Not Exactly As Planned by Linda Rosenbaum

Not Exactly As Planned by Linda Rosenbaum

Author:Linda Rosenbaum
Language: eng
Format: epub
Publisher: Demeter Press
Published: 2014-07-01T16:00:00+00:00


9.

Special Needs Son, Special Needs Family

Toronto Island, 1993

ROBIN WAS HOME FROM WORK one morning when the phone rang. “Can you get it?” he asked, “I’m making coffee.”

“No,” I said, “it might be the school. You talk this time. I’m sick of handling everything myself.”

It was like every other morning I was home from work. I’d lie in wait, as if a bomb were about to detonate. When it did, in the form of a phone call from Michael’s public school principal, my shoulders tightened and I’d feel as if I was about to explode. I dreaded hearing the sound of her voice once again telling me Michael had done something “bad.”

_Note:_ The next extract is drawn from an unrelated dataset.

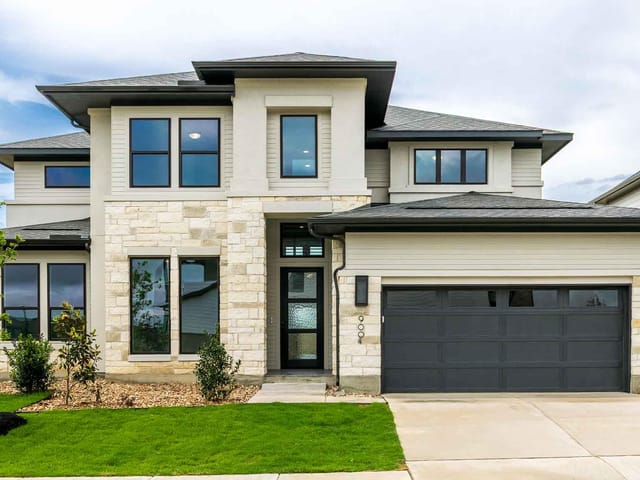 9004 Fallkill Dr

When he was six, Michael entered Grade One in the public school system after successfully completing two years of preschool and one year of kindergarten at the Island’s Montessori School. Each morning after Robin dropped Sarah off at Yolanda’s on his way to work, I embroiled myself in the usual struggle getting Michael up, washed, dressed and fed. Mission accomplished, I’d get him out the door and we’d walk hand-in-hand to the path at the bottom of the Algonquin bridge, where I’d lie in wait until the school bus picked him up for the one-mile ride to the Island Public School. I’d come home, get back into bed, stuff my head under a pillow and wait for the phone to ring. More often than not, it did. The complaints went like this:

Michael threw stones in the playground during recess and lunch hour.

He hit some kids and a teacher.

He keeps fidgeting and won’t sit still when asked.

He walks around the classroom.

He kicked two kids after they teased him.

He doesn’t follow instructions, and willfully disobeys the teacher.

He doesn’t move from one classroom activity when asked.

He won’t get involved in group activities.

He’s more interested in “parallel” play than actively playing with the other children.

I was going to meeting after meeting to discuss these issues with Michael’s teacher and the principal. They called and asked me what to do about the problems. “How should I know?” I wanted to say, “You’re asking me? You’re the professionals,” but I didn’t. The best I could do was to describe the successful strategies Michael’s Montessori teachers had used during the three years he was there:

Don’t make Michael work in groups. He is a loner and can at best “parallel play.”

Don’t let him “just play” or be left on his own during recess in the playground. He needs structure and programmed activities.

Have him clean blackboards or put books in bookshelves…

Repeat instructions. He doesn’t understand them the first time he hears them.

If an instruction is multi-stepped, have him do one thing and come back for a reminder of what the next step is. He doesn’t remember steps that follow.

Give Michael advance notice and repeat warnings before he has to move from one activity to another. He gets stuck and needs time for transitions.

Give him a small ball, play dough or clay to play with in his hands at all times.